Iulia Toma, Untitled, 2017. Mixed media (drawing with the sewing machine on canvas, carpet), 92 x 50 cm (36 ¼ x 19 2/3 in.) Courtesy the artist and Ivan Gallery, Bucharest. Photo © Catalin Olteanu.

Other pleasant discoveries at the fair included mixed-media works by the Romanian artist Iulia Toma (b1974). Toma, who is represented by Ivan Gallery, showed several works made from textiles, among them Untitled (2017), a drawing made with a sewing machine embedded in a carpet. Material chosen by the artist is specific to her subject matter – Romania’s militaristic history. Embedding the drawing of military men saluting during a parade into a locally woven carpet adds a tangible, tactile quality to an ideational, historical narrative. London-based Pi Artworks showed delicate ink drawings on tracing paper by Susan Hefuna (b1962), who transmits through them her interest in the positioning of the body in space. Dastan’s Basement, a gallery from Tehran, presented figurative portrait drawings by Bijan Saffari (1933-2019), a member of the Iranian royal family who left his home country after the 1979 revolution.



Susan Hefuna, Window, 1999. Ink on tracing paper, 23 x 18 cm. Image courtesy Pi Artworks, London and Istanbul.

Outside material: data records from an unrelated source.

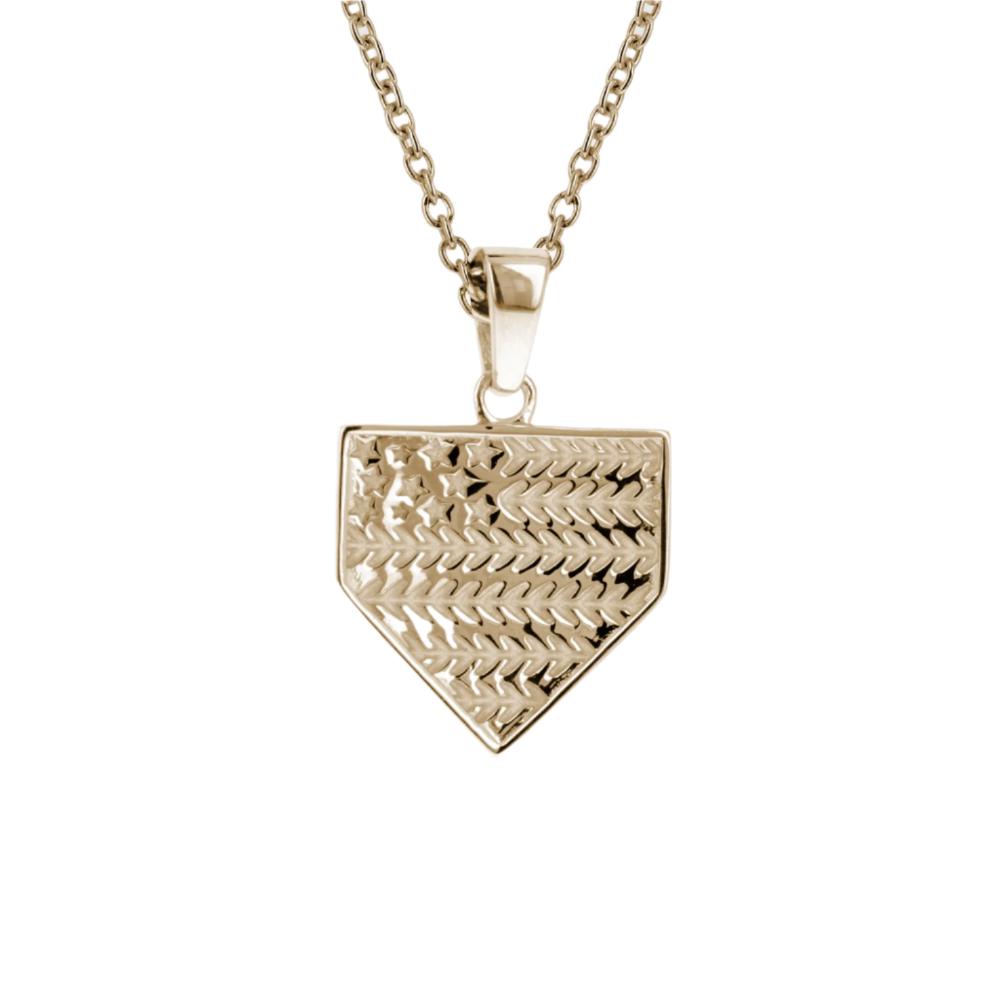 American Flag Home Plate Necklace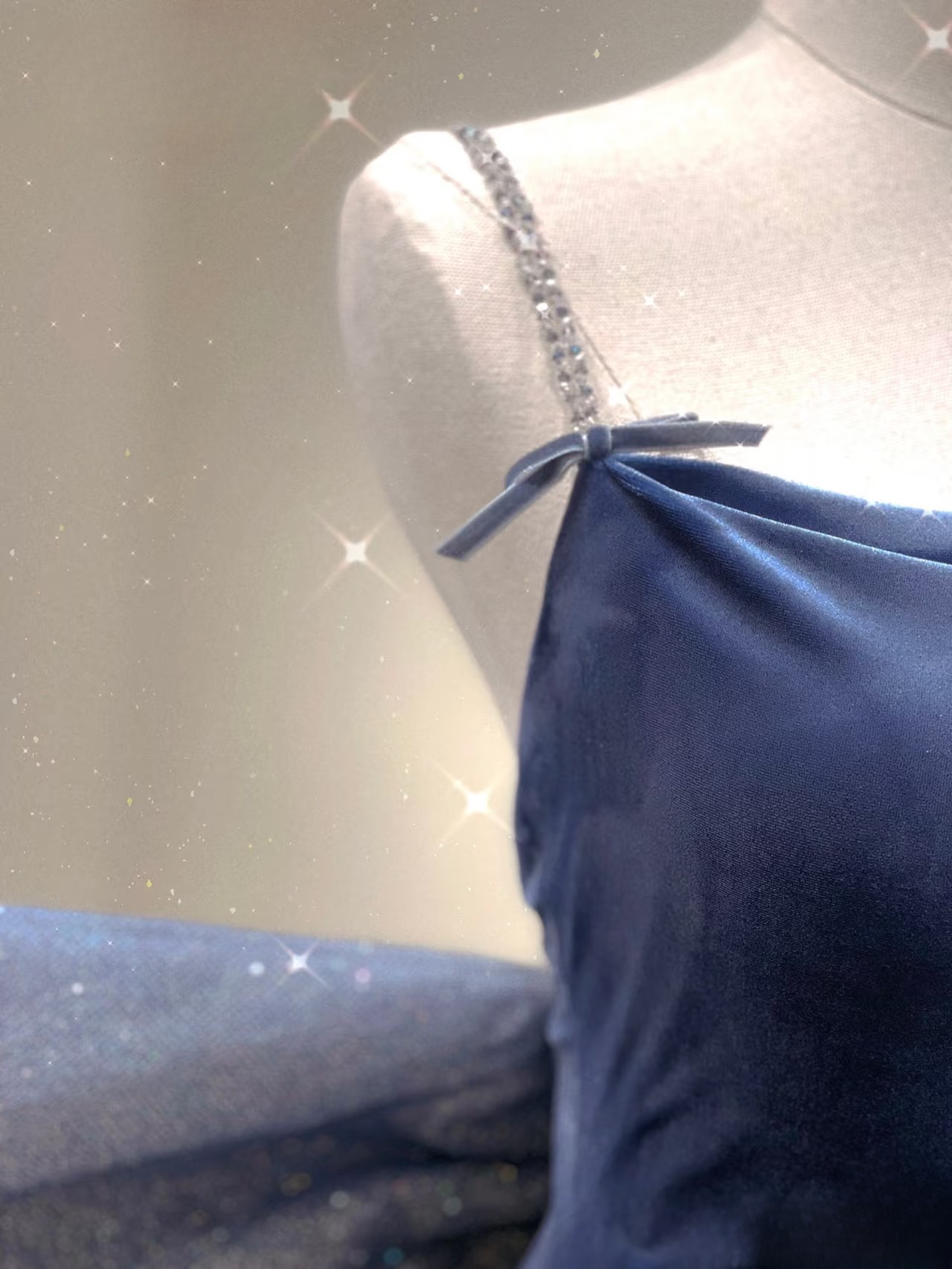 Timeless Mermaid Spaghetti Straps Navy Blue Sequin Long Prom Dresses Party Dress Birthday Outfits Graduation Dress AU162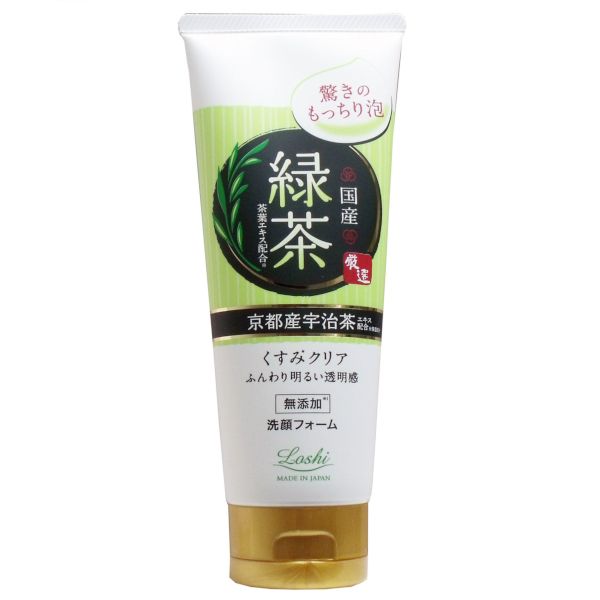 CosmetexRoland Loshi Moist Aid Whip Green Tea Face Foam - 120g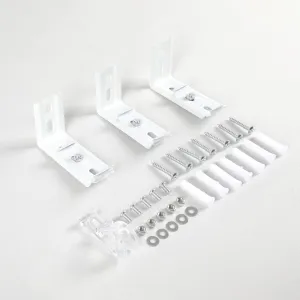 Homebox Zebra Roller Window Blinds Mount Hardware Bracket and Installation Accessories for Inside and Outside Mount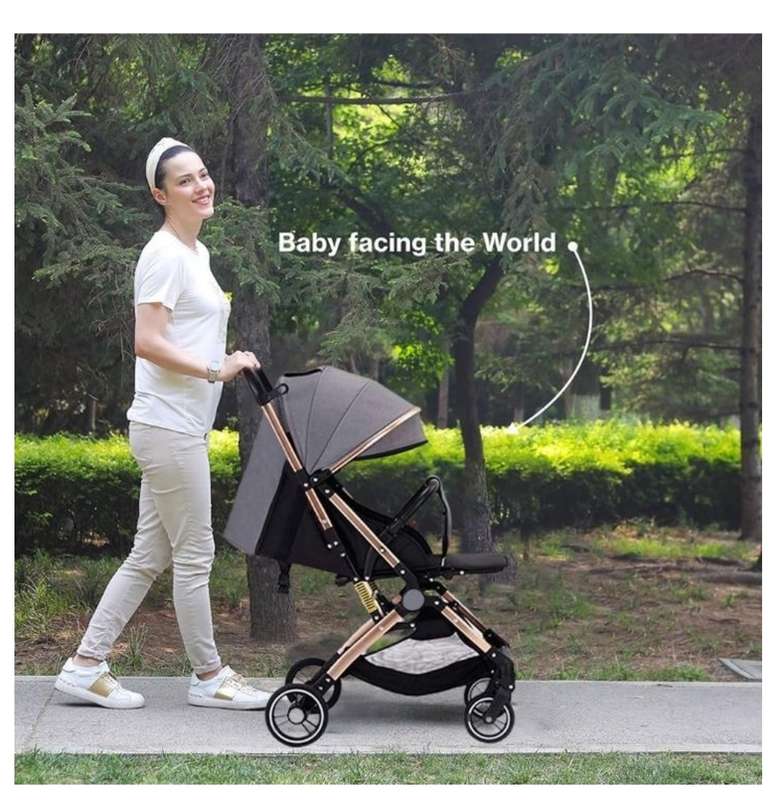Premium Convertible Stroller With Flippable Handle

This year’s Frieze demonstrated a more open-ended approach than usual by choosing to exhibit and promote diverse art-making practices. By devoting significant attention to new trends, as well as to forgotten and little-known artists, the organisers succeeded in creating a well-balanced and engaging display that included a great variety of visual styles and approaches to art-making, indicating ways not only to continuously expand, but also to challenge the possibilities of the art market.